Data to process:
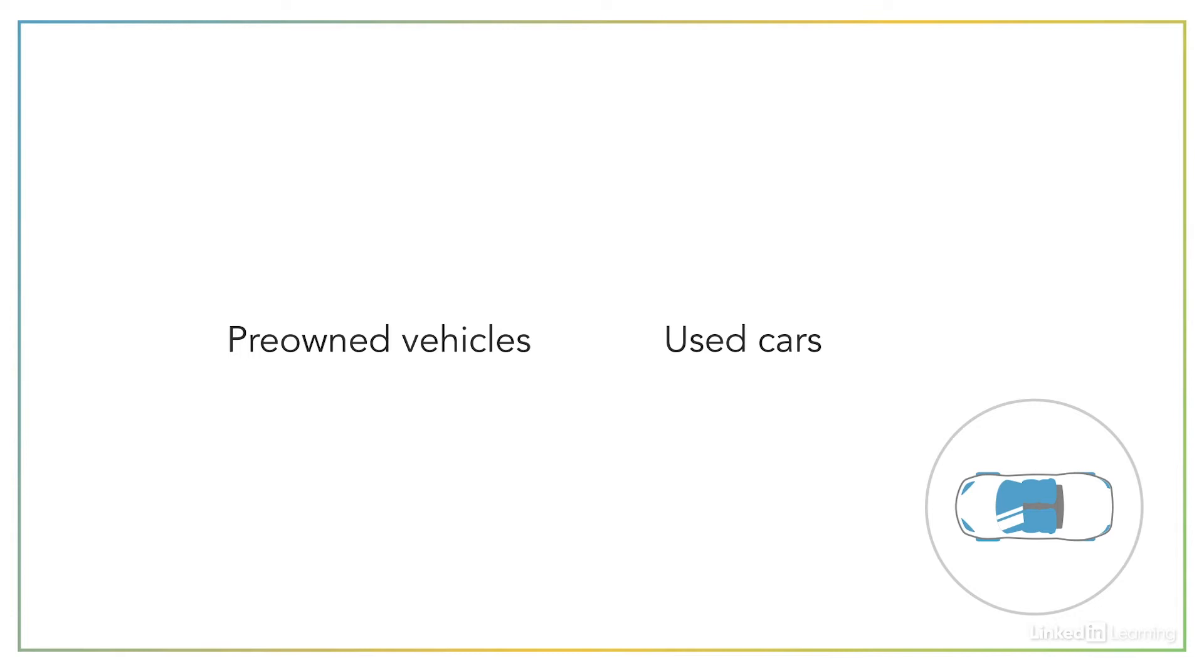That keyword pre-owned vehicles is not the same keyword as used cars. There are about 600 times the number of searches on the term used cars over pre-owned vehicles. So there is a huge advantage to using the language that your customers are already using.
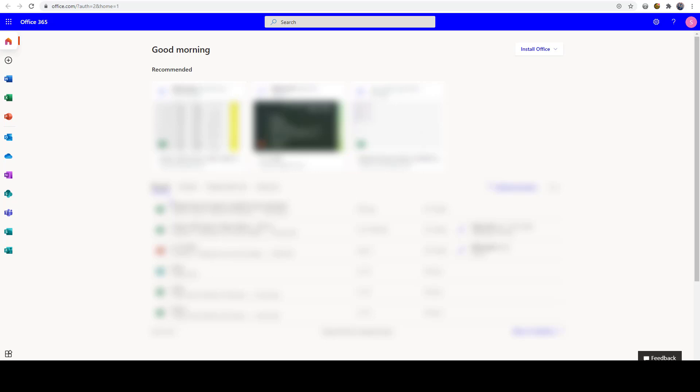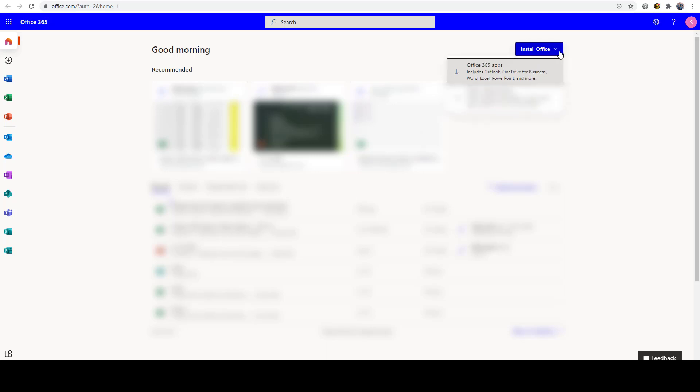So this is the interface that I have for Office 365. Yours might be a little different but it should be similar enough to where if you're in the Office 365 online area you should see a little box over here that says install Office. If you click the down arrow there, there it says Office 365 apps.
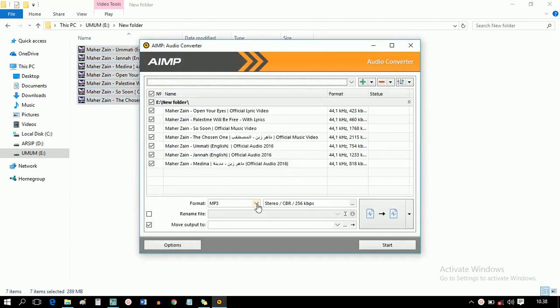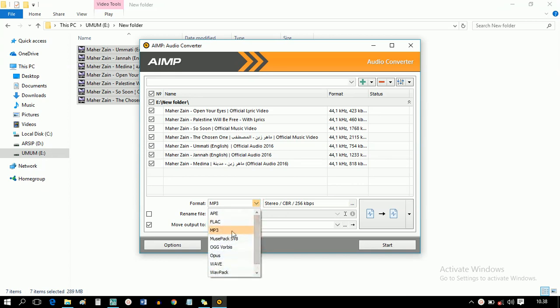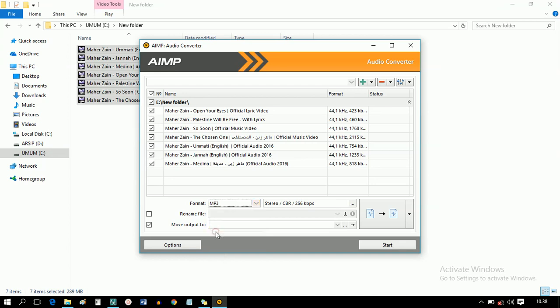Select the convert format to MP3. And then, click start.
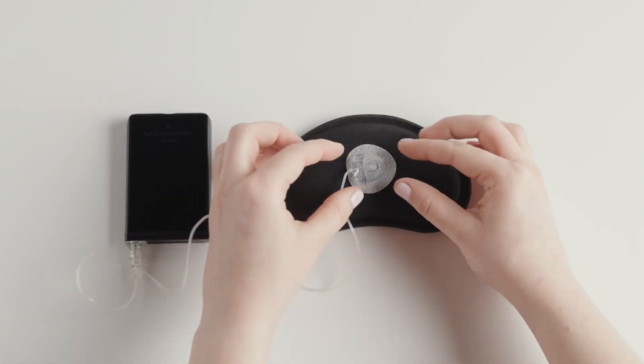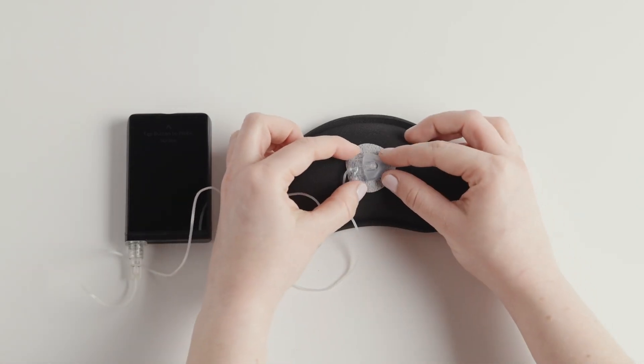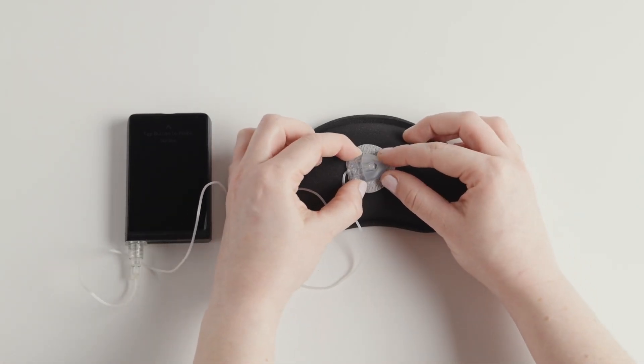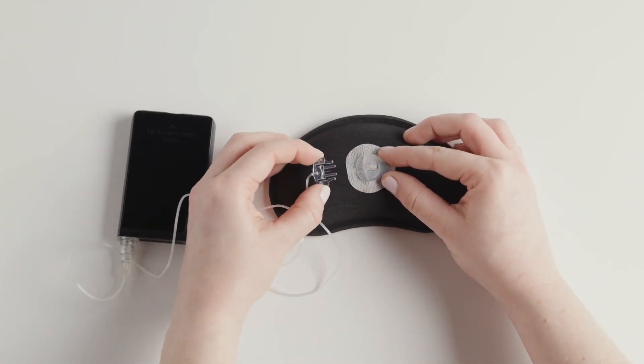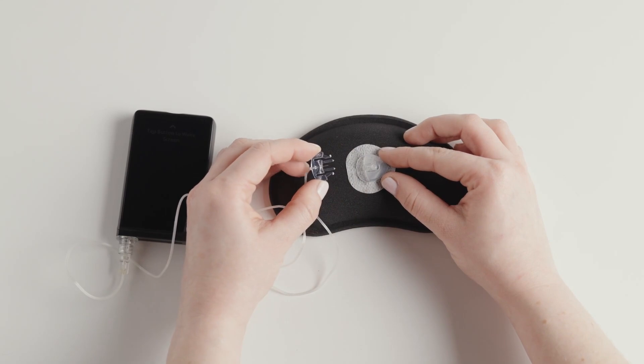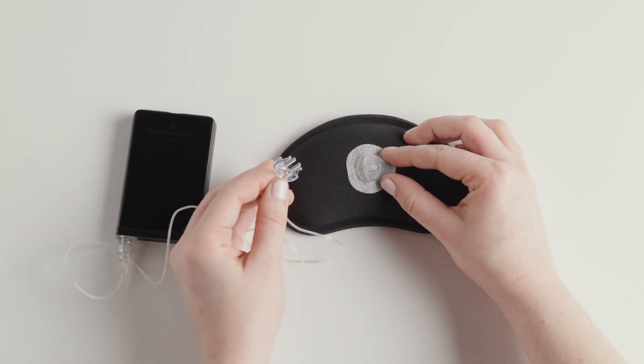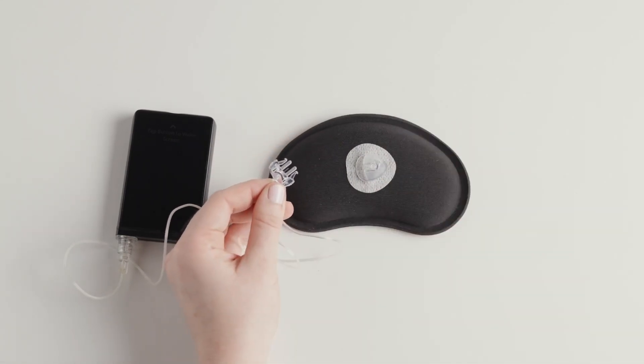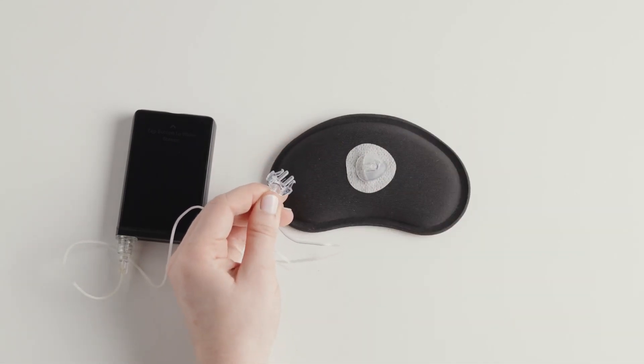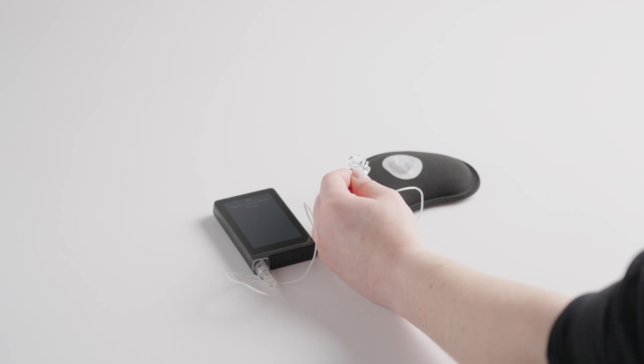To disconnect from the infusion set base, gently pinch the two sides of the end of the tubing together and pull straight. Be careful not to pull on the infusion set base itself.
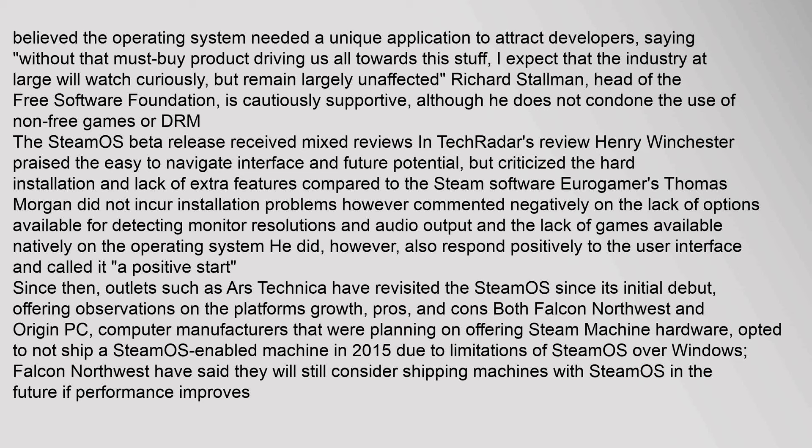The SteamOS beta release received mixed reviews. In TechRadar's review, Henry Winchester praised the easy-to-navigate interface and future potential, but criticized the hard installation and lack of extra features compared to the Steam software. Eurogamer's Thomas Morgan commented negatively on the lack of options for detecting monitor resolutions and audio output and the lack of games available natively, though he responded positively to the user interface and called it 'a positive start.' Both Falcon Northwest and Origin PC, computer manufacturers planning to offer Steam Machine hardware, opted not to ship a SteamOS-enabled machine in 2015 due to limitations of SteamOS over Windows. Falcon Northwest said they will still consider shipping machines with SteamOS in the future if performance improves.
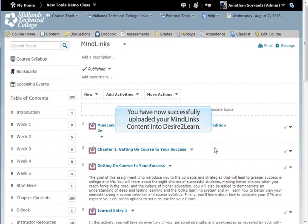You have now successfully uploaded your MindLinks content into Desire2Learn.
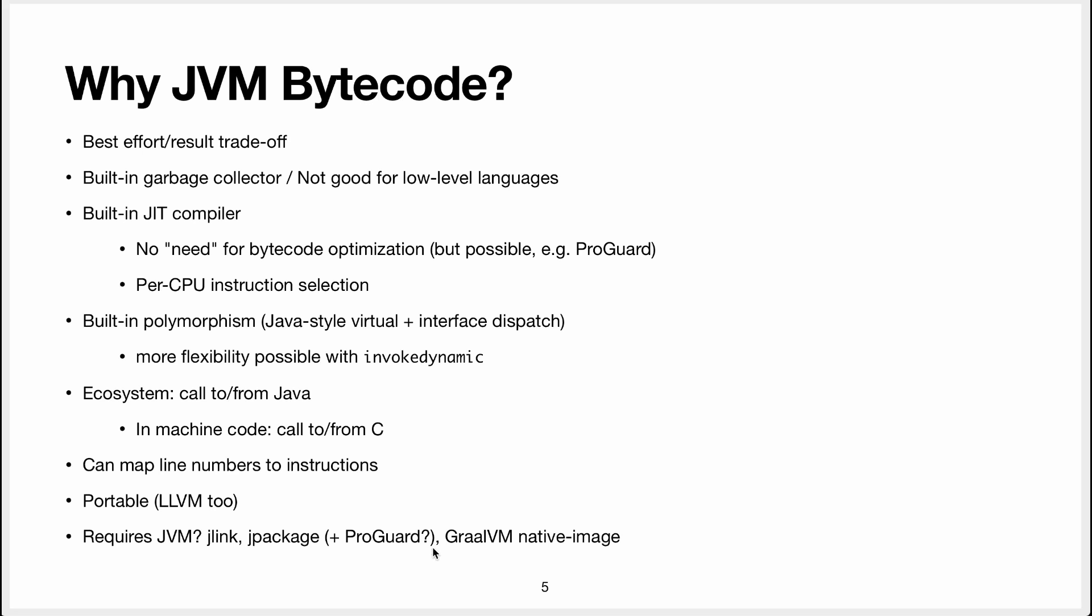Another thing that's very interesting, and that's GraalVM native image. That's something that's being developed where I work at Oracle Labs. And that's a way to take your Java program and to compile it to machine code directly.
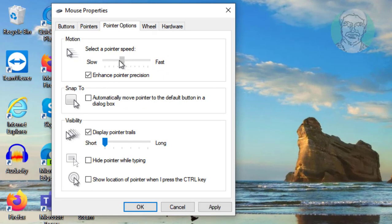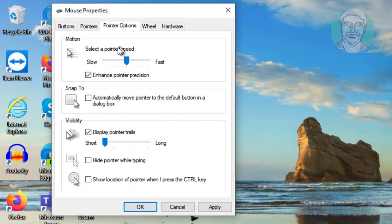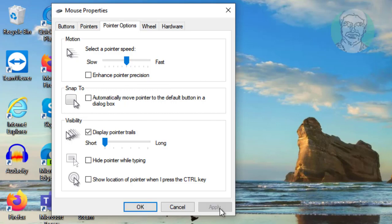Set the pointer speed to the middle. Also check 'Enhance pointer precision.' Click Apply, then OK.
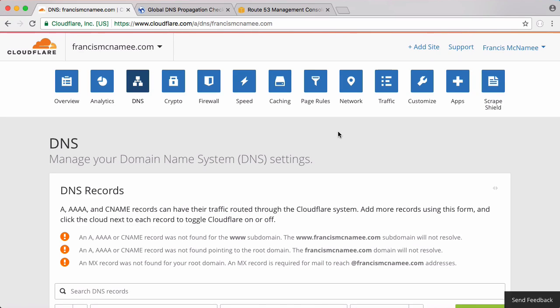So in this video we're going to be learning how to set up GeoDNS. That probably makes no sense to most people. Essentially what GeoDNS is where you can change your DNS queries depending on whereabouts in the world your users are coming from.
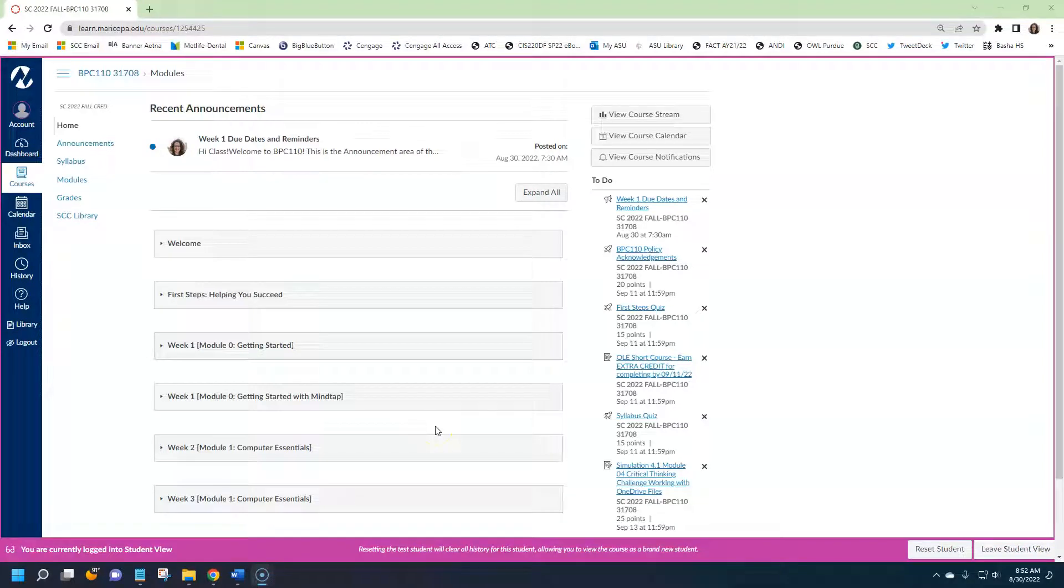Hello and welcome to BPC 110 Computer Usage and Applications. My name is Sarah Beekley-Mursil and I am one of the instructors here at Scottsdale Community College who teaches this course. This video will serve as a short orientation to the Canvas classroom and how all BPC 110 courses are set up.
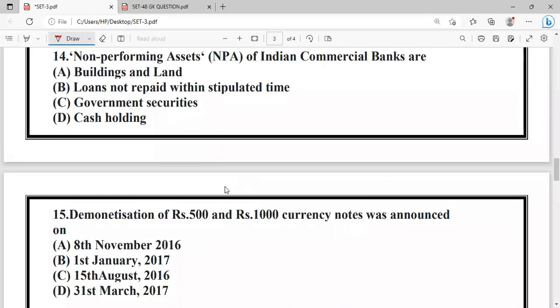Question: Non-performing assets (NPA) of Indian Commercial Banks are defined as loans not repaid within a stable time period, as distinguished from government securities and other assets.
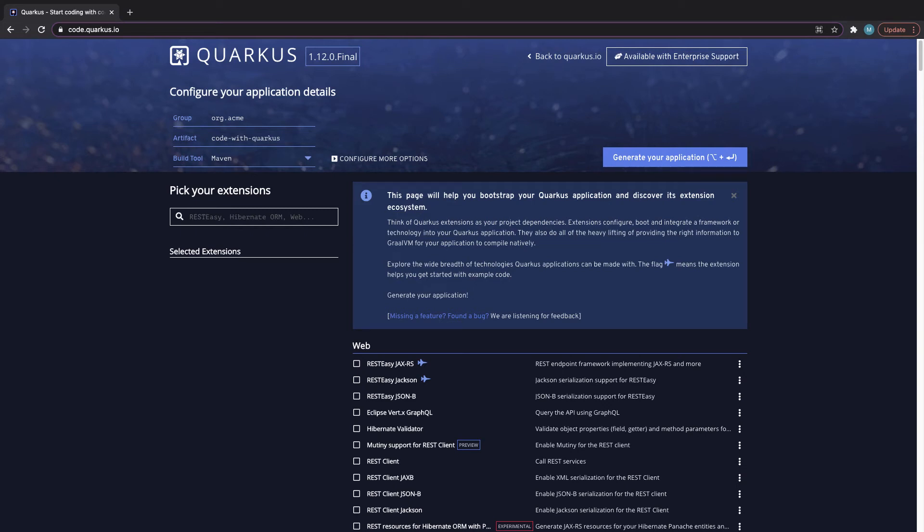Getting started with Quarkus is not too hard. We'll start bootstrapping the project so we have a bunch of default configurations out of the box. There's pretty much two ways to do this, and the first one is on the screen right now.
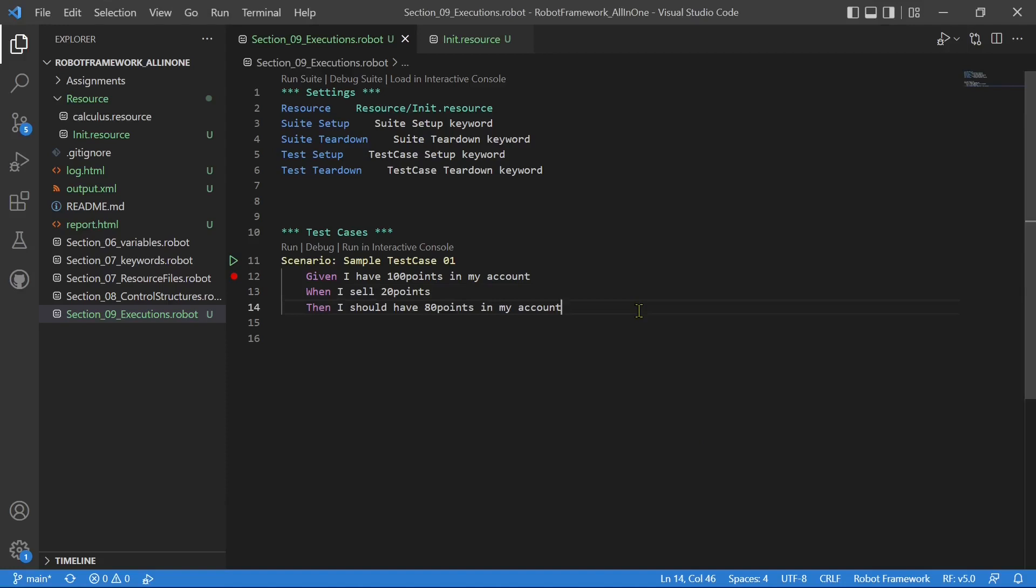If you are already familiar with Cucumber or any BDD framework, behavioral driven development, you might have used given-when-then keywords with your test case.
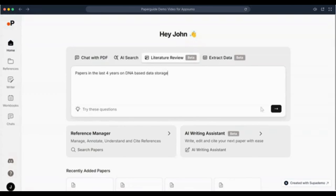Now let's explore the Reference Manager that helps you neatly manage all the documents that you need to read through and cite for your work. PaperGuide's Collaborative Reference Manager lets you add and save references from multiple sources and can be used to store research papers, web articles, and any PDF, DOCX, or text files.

What to produce:
Write out the data above in full and exactly, but without the pictures.

Answer box:
That keyword pre-owned vehicles is not the same keyword as used cars. There are about 600 times the number of searches on the term used cars over pre-owned vehicles. So there is a huge advantage to using the language that your customers are already using.
So this is the interface that I have for Office 365. Yours might be a little different but it should be similar enough to where if you're in the Office 365 online area you should see a little box over here that says install Office. If you click the down arrow there, there it says Office 365 apps.
Select the convert format to MP3. And then, click start.
To disconnect from the infusion set base, gently pinch the two sides of the end of the tubing together and pull straight. Be careful not to pull on the infusion set base itself.
The SteamOS beta release received mixed reviews. In TechRadar's review, Henry Winchester praised the easy-to-navigate interface and future potential, but criticized the hard installation and lack of extra features compared to the Steam software. Eurogamer's Thomas Morgan commented negatively on the lack of options for detecting monitor resolutions and audio output and the lack of games available natively, though he responded positively to the user interface and called it 'a positive start.' Both Falcon Northwest and Origin PC, computer manufacturers planning to offer Steam Machine hardware, opted not to ship a SteamOS-enabled machine in 2015 due to limitations of SteamOS over Windows. Falcon Northwest said they will still consider shipping machines with SteamOS in the future if performance improves.
You have now successfully uploaded your MindLinks content into Desire2Learn.
Another thing that's very interesting, and that's GraalVM native image. That's something that's being developed where I work at Oracle Labs. And that's a way to take your Java program and to compile it to machine code directly.
Set the pointer speed to the middle. Also check 'Enhance pointer precision.' Click Apply, then OK.
So in this video we're going to be learning how to set up GeoDNS. That probably makes no sense to most people. Essentially what GeoDNS is where you can change your DNS queries depending on whereabouts in the world your users are coming from.
Hello and welcome to BPC 110 Computer Usage and Applications. My name is Sarah Beekley-Mursil and I am one of the instructors here at Scottsdale Community College who teaches this course. This video will serve as a short orientation to the Canvas classroom and how all BPC 110 courses are set up.
Question: Non-performing assets (NPA) of Indian Commercial Banks are defined as loans not repaid within a stable time period, as distinguished from government securities and other assets.
Getting started with Quarkus is not too hard. We'll start bootstrapping the project so we have a bunch of default configurations out of the box. There's pretty much two ways to do this, and the first one is on the screen right now.
If you are already familiar with Cucumber or any BDD framework, behavioral driven development, you might have used given-when-then keywords with your test case.
Now let's explore the Reference Manager that helps you neatly manage all the documents that you need to read through and cite for your work. PaperGuide's Collaborative Reference Manager lets you add and save references from multiple sources and can be used to store research papers, web articles, and any PDF, DOCX, or text files.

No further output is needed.